Records for the task:
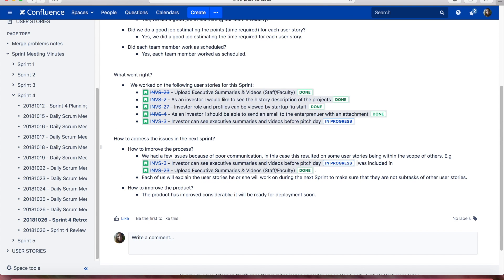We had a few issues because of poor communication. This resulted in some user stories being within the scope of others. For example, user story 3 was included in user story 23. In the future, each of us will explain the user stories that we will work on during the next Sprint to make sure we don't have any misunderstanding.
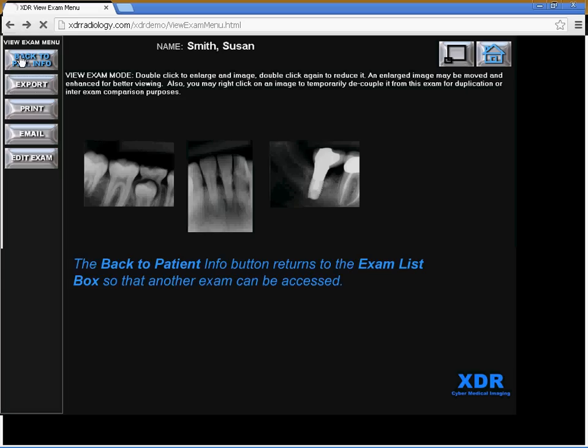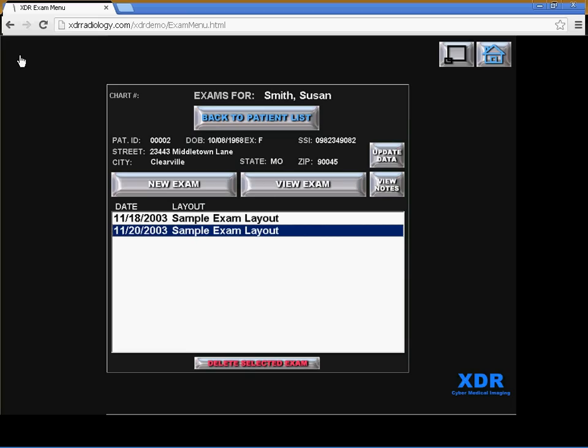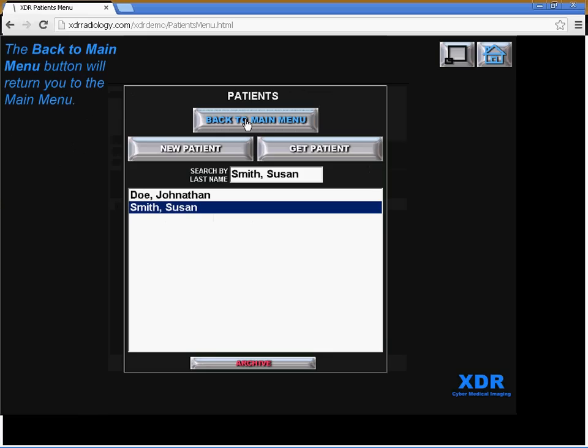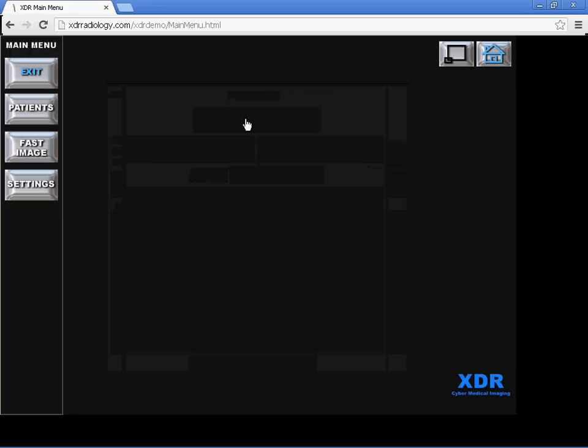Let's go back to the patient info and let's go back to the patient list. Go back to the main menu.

--

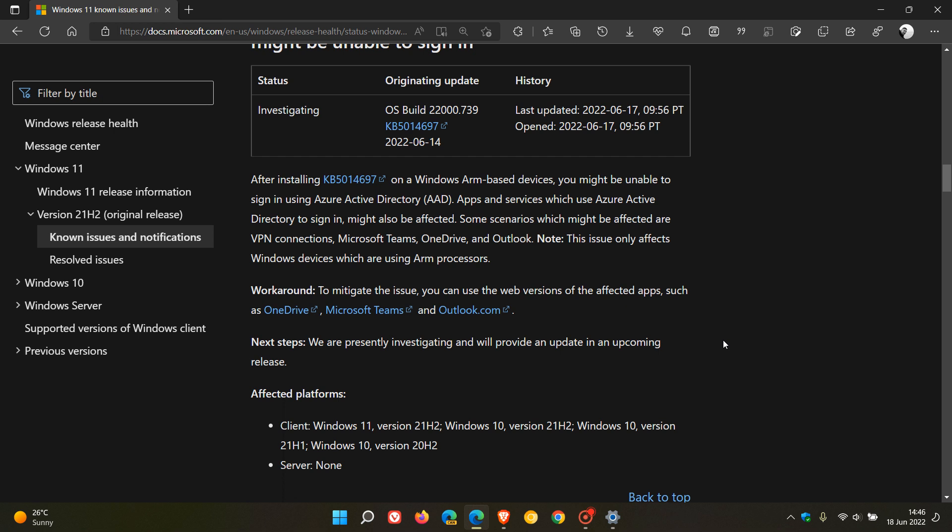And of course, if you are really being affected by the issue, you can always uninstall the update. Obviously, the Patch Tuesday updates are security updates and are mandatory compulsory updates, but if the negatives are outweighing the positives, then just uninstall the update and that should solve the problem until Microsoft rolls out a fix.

...

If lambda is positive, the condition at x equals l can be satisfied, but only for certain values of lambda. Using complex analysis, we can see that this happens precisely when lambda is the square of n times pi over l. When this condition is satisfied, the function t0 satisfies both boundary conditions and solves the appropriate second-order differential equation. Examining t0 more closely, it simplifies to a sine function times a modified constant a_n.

Work task:
Set down word for word the lines above from the one with "We had a few" up to and including the one with "Let's go back to the patient info". Omit every picture.

Reply to the exercise:
We had a few issues because of poor communication. This resulted in some user stories being within the scope of others. For example, user story 3 was included in user story 23. In the future, each of us will explain the user stories that we will work on during the next Sprint to make sure we don't have any misunderstanding.
Let's go back to the patient info and let's go back to the patient list. Go back to the main menu.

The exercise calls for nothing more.